Steps to Mitigate Risk in Cargo Theft

Trust and cross-industry cooperation, in addition to utilizing prevention methods informed by data, will best position organizations to efficiently maintain risk mitigation against rising threats such as theft.

Siwakorn1933 Adobe Stock 318438956
Siwakorn1933 AdobeStock_318438956

It has been an extraordinary past 12 months in the global food supply chain. In addition to recent events in the Red Sea, the industry has seen everything from geopolitical tensions and economic uncertainty to extreme weather events, technology-powered digital disruption and more. The cold food and beverage supply chain has faced unprecedented challenges, bookended as the most stolen commodity in transit, according to BSI’s 2024 Supply Chain Risks and Opportunities report.

Against these challenges, leveraging data-driven insights to identify and adopt necessary prevention methods is encouraged. Establishing trust through collaboration with industry peers, competitors and colleagues is best practice as well.
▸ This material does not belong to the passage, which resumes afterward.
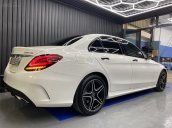 Cần bán gấp Mercedes C300 AMG 2019 siêu lướt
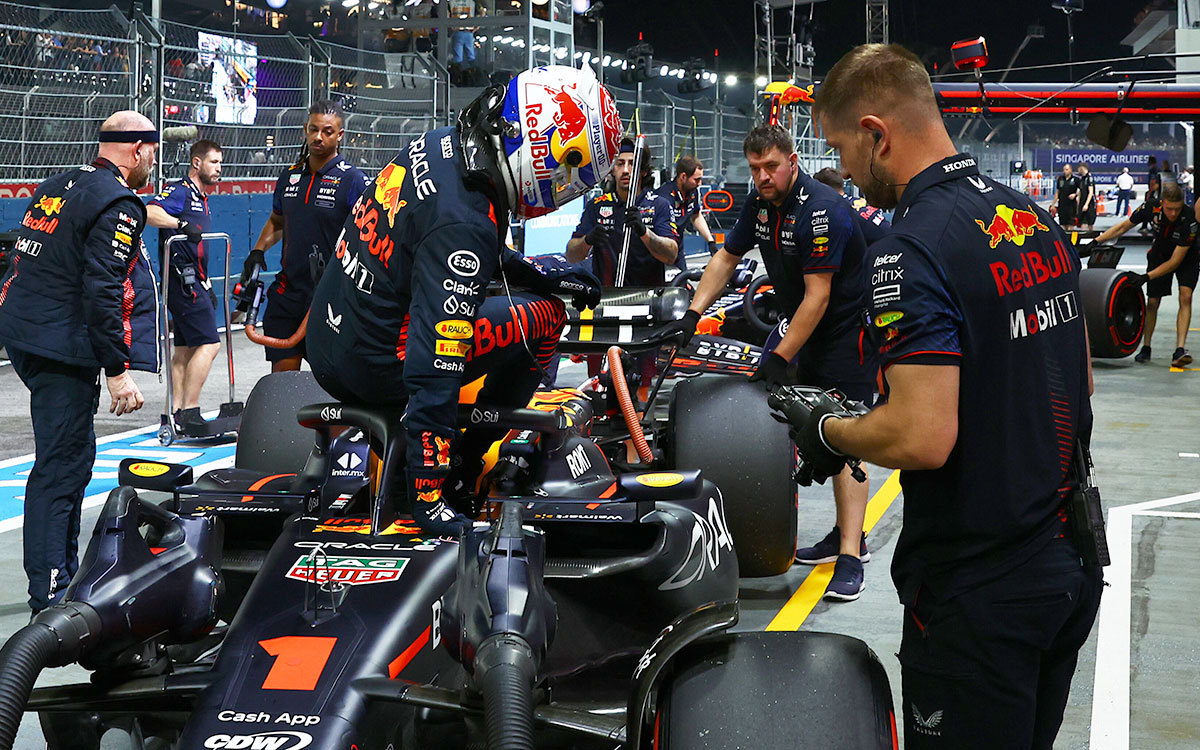 2023年F1新加坡大奖赛排位赛，Q2遭淘汰的维斯塔潘在维修区通道走下赛车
As the complexities of our world continue to evolve, trust and cross-industry cooperation, in addition to utilizing prevention methods informed by data, will best position organizations to efficiently maintain risk mitigation against rising threats such as theft.

The rise in theft and its significance

Businesses seeking to manage their supply chains effectively and sustainably face unprecedented challenges in successfully transporting goods from source to shelf, given the convergence of powerful circumstances impacting global supply chains today. Recent BSI research highlights the challenge the food and beverage industry face regarding theft. According to data, food and beverage items now represent 22% of all thefts globally, up from 17% in 2022 and 14% in 2021. Stolen agricultural food products have also risen by 10% and now account for one in ten hijacking incidents.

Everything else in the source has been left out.